Quest’importante ricorrenza è stata festeggiata dal Presidente Kiwanis Club Pescara, Maria Patrizia Mucci, con una conferenza sul tema, alla presenza delle seguenti autorità civili: il Presidente della V° Commissione Affari Sociale e Tutela della Salute-Regione Abruzzo, Nicoletta Verì, il Sig. Prefetto di Pescara, Dott.Vincenzo D’Antuono e l’Assessore alle politiche sociali del Comune di Chieti, Emilia De Matteo ed il Past Governatore Kiwanis del Distretto Italia – San Marino, Sergio Rossi.
Le relatrici del dibattito sono state Anna Maria Limiti, Presidente dell’Osservatorio dell’Infanzia nel Kiwanis Distretto Italia-San Marino, Daniela Quieti, poetessa e giornalista e Giulia Paola Di Nicola, docente di Sociologia all’Università d’Annunzio di Chieti. Gli interventi hanno ricordato, in primis con la voce del Presidente Maria Patrizia Mucci, alcune date istituzionali in rosa della nostra Nazione, il 1946 per il voto femminile, il 1956 per l’ istituzione del Corpo di Polizia femminile, il 1976 per la nomina di Tina Anselmi come Ministro del lavoro e della previdenza sociale ed il 1979 per l’elezione della prima Presidente della Camera Nilde Iotti.
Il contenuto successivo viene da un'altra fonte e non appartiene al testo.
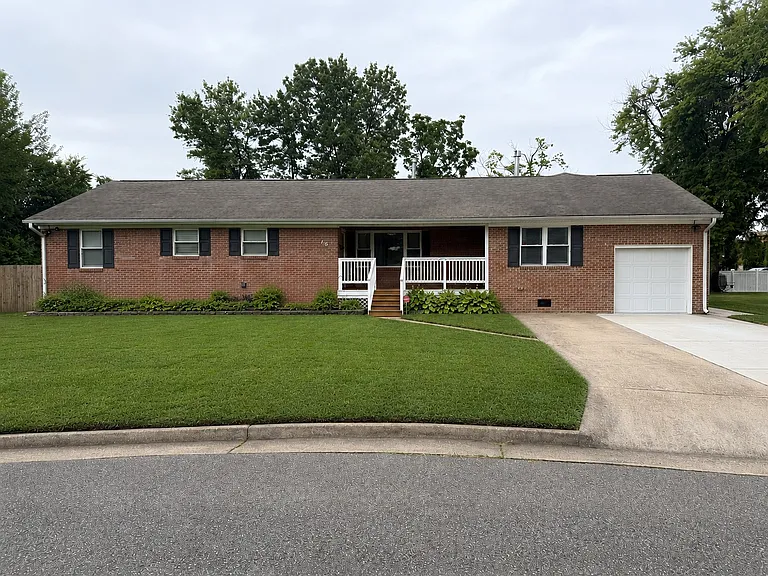 16 Inglewood Dr — Photo 1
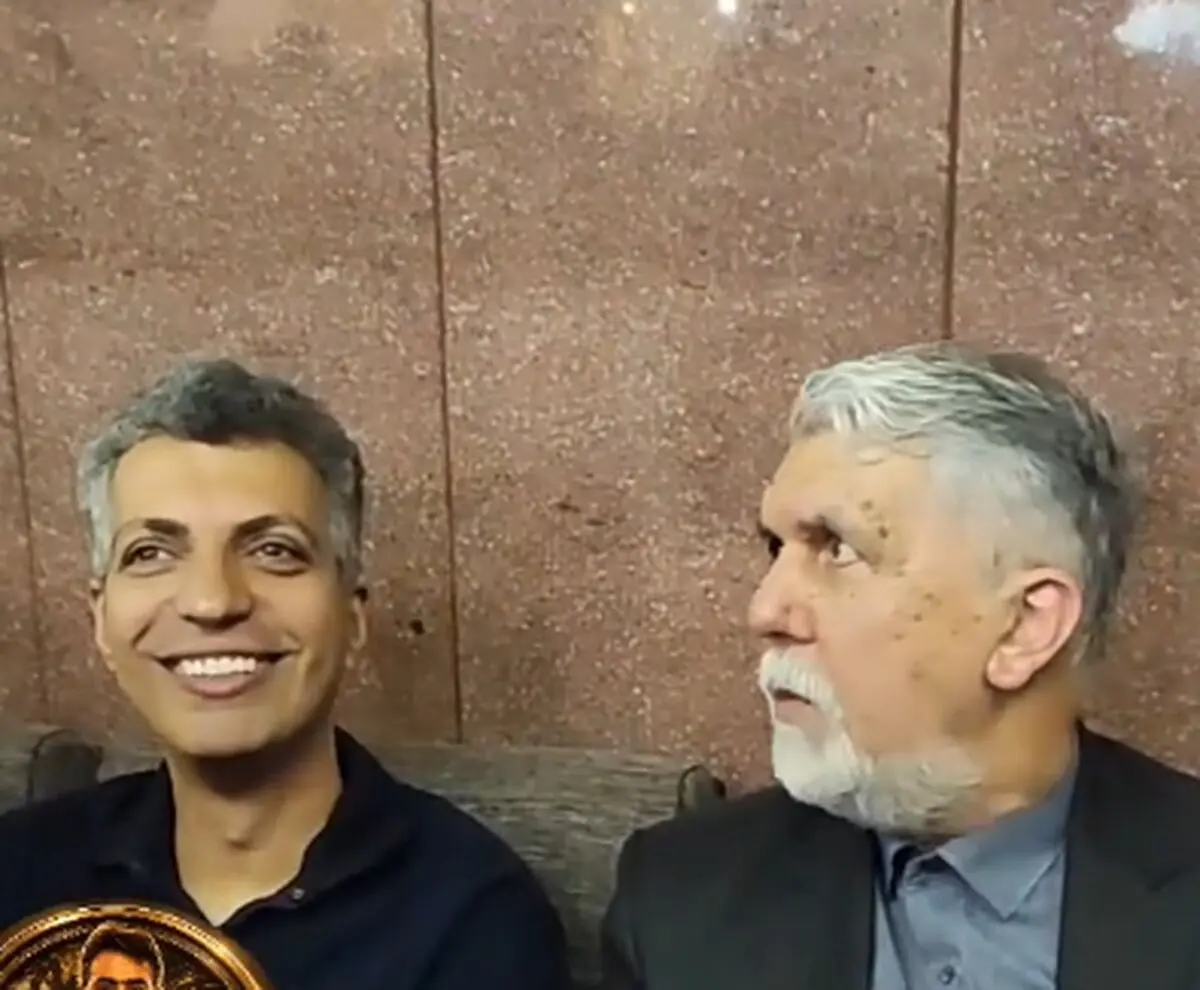 تلاش  عادل فردوسی پور برای بوسیدن دست وزیر فرهنگ و ارشاد اسلامی+ فیلم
La dott.ssa Limiti inoltre ha ripercorso la storia delle Kiwaniane avanguardiste, come Julie Fletcher che fu la prima negli Usa a lottare per entrare nel Club Kiwanis ed a combattere la discriminazione di sesso nel New Jersey, nonché la prima Governatrice Donna in Italia (2009) Valeria Trinchieri.
L’ immaginario album di famiglia della poetessa Quieti ha risfogliato, invece, le storie delle silenziose eroine quotidiane e delle rinomate Eleonora Duse, Anna Frank, Ingrid Bergman, Elizabeth Browning, Vittoria Colonna, Maria Montessori, Madre Teresa di Calcutta e tante altre istrioniche donne della storia. La rivoluzione gentile, quindi, che le donne hanno attivato nel corso dei secoli, superando precetti culturali, religioni, antropocentrici e misogini è stata spiegata dalla Prof.ssa Di Nicola, con un’iperbole sociologica dalla nascita del femminismo ante litteram di Antigone di Sofocle,al medioevo, al confronto con la Chiesa Cristiana Cattolica, al riconoscimento dell’uguaglianza dei diritti fino al femminismo più radicale.
L’implacabile lotta della donna e la sua necessità di coniugare i suoi molteplici ruoli ed impegni sociali, trovano infine la soluzione vincente nell’equilibrata collaborazione con l’uomo, elemento imprescindibile di completezza e di vita di ogni donna.